Authorities also say a bogus homeschool, Halls of Knowledge Home School, operates on the compound but provides no schooling. Instead, they said, the group uses the school to create fraudulent high school transcripts so young members can get into online degree programs and apply for financial aid, which is then diverted to the group's operations.

Two of the women also are accused of not providing medical care for children who cut themselves on farm equipment at the compound.

Left to right, Irish Williams, Kassia Rogers, Shirley McNatt and Shirnitka McNatt
Daffene Edge, left, and Earlene Hayat

In 2008, Ed Weeks, who now lives in Morrisville, was the administrator of an assisted living facility on Dunn Road, a little more than a mile from McCollum Ranch. That summer, he said, a 21-year-old man ran through woods and fields to make it to his property, where he told Weeks he had been locked up in a room at the compound for several weeks and managed to escape through a window.
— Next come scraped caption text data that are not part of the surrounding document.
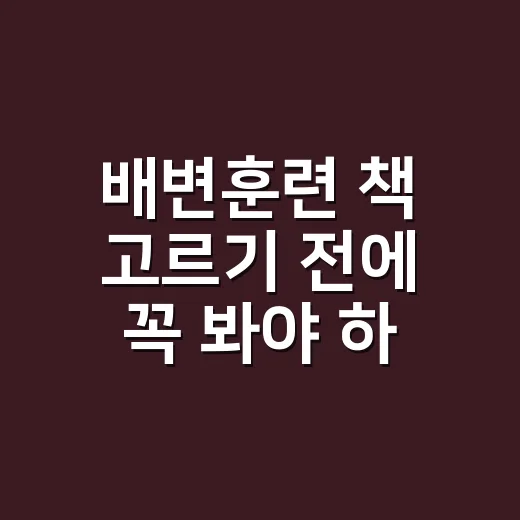 배변훈련 책 고르기 전에 꼭 봐야 하는 방법 - 요약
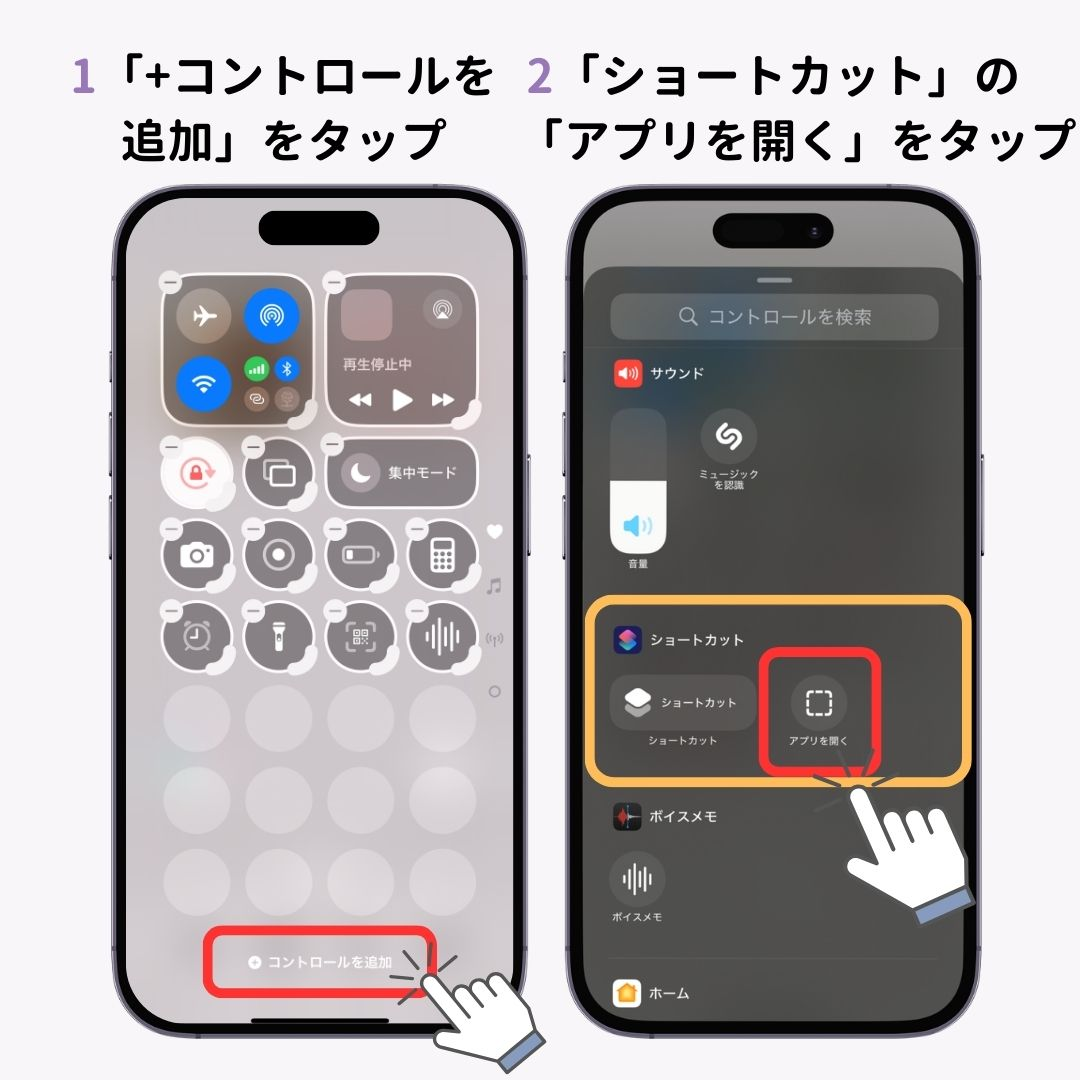 【iOS18】iPhoneのコントロールセンターのカスタマイズ方法！の画像1枚目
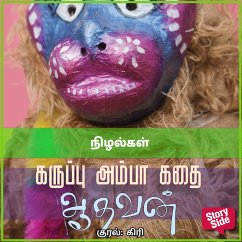 Cover Nizhalkal (MP3-Download)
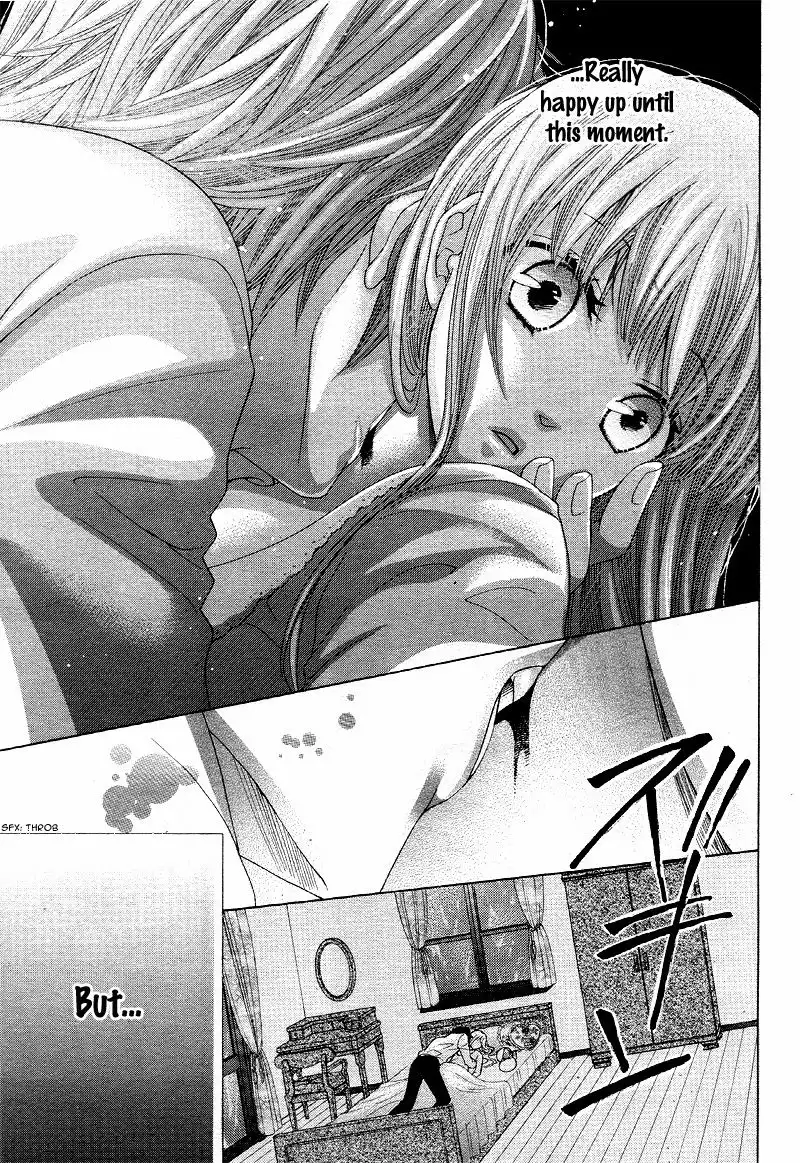 Virgin Blood - Hiiro no Bansan Chapter 2 6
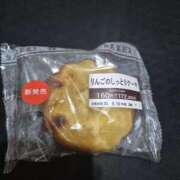 ヒメ日記 2025/05/15 21:39 投稿 あんり ハロウィン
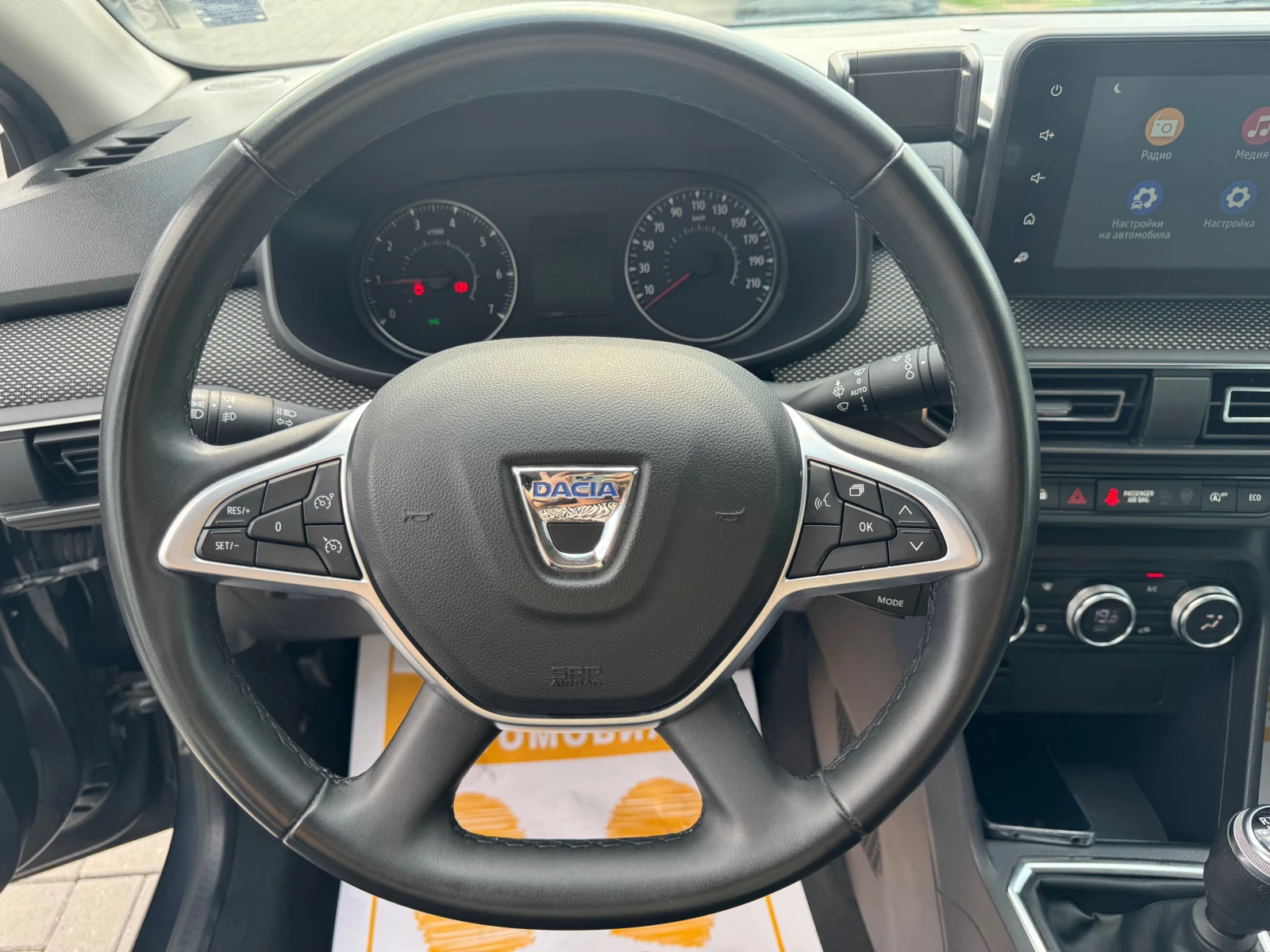 Dacia Logan 1.0TCe/100к.с/ECo-G - изображение 8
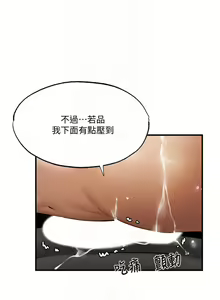 Page 1571 of 韩漫 还有空房吗 1-54话 - preview thumbnail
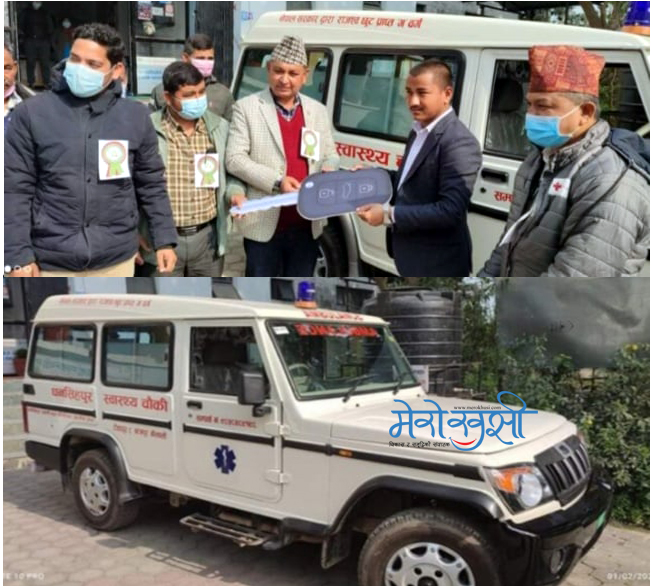 खाडीमा काम गर्न गएका युवाद्वारा धनसिंहपुर स्वास्थ्य चौकीलाई एम्बुलेन्स सहयोग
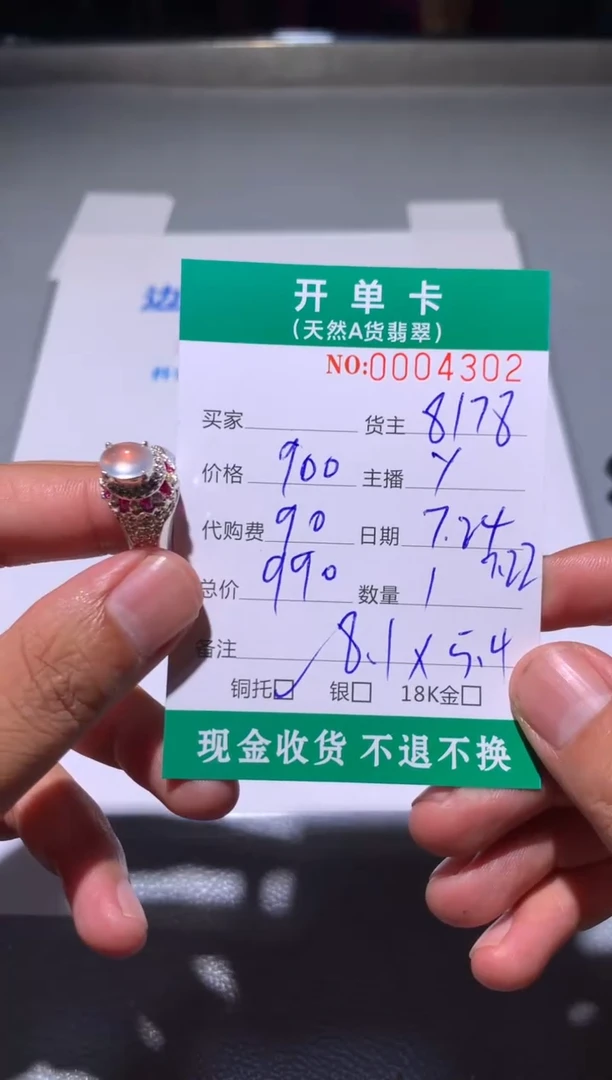 定制翡翠未镶嵌天**音天然翡翠8178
"At first, he was so upset he was just trying to explain, 'Please help me. Please help me. I came to see my mom, and they locked me up,'" Weeks recalled.

The man was "petrified," so Weeks called 911, and as many as four deputies arrived.

"He was shaking. I've never seen anyone in fear shake that violently," he recalled. "I mean, he could not even hold his arms. Even his voice was quivering, it was so bad."

A man from the compound came looking for the 21-year-old, who appeared to have an intellectual disability, Weeks said, and the two got into a scuffle. McCollum, who described himself as a "mentor" for the young man, then showed up with a woman who said she was the young man's mother, he said.

"The police said we should probably release him to the mother, and I really, really had an issue with that because of how scared the young man was," Weeks said. "He said he has been kidnapped (and) he was locked in a room."

The 21-year-old opted to go to a local hospital and later went back to Pennsylvania to live with his sister, Weeks said, expressing disappointment that nothing more was done by authorities after the incident.

"I think what's frustrating for me, when it comes to sheriff's deputies, they have a hard job to do," he said. "I respect what they do very much, (but) I think they're restricted in so many ways in how they follow through with certain issues."

Lt. Sean Swain, a spokesman for the Cumberland County Sheriff's Office, said he combed through incident reports from 2008 and calls from Weeks between 2007 and 2011 and found no record of this call from the assisted living home.

Cumberland County Sheriff Ennis Wright said the activities at McCollum Ranch have been under investigation for almost a year. Witnesses were uncooperative, so it took time to build a case against the group's leaders, and the sheriff didn't want to raid the compound, fearing a repeat of the 1993 siege of the Branch Davidian compound in Waco, Texas, that ended in a gun battle in which 76 people died.

"You have to take your time in these things," Wright said. "Everybody wants you to go in, kick the door in, kick the gate in and snatch them out. No, we couldn't have done that. Like I said, there were kids there, folks out there that were sick. You have to just take your time when you do this stuff."

The Cumberland County Department of Social Services has some of the children from the compound in protective custody.

McCollum is being held at Central Prison under a $1.1 million bond. He was moved there from the Cumberland County jail after complaining of his health.

All of the others remain in the Cumberland County jail under the following bonds: Hall, $325,000; McDonald, $250,000; Luna, $527,000; Williams, $325,000; Rogers, $325,000; Shirley McNatt, $350,000; and Shirnitka McNatt, $70,000.

Anyone with information on the whereabouts of the two members not yet in custody is asked to call the Cumberland County Sheriff’s Office at 910-323-1500 or Crime Stoppers at 910-483-8477.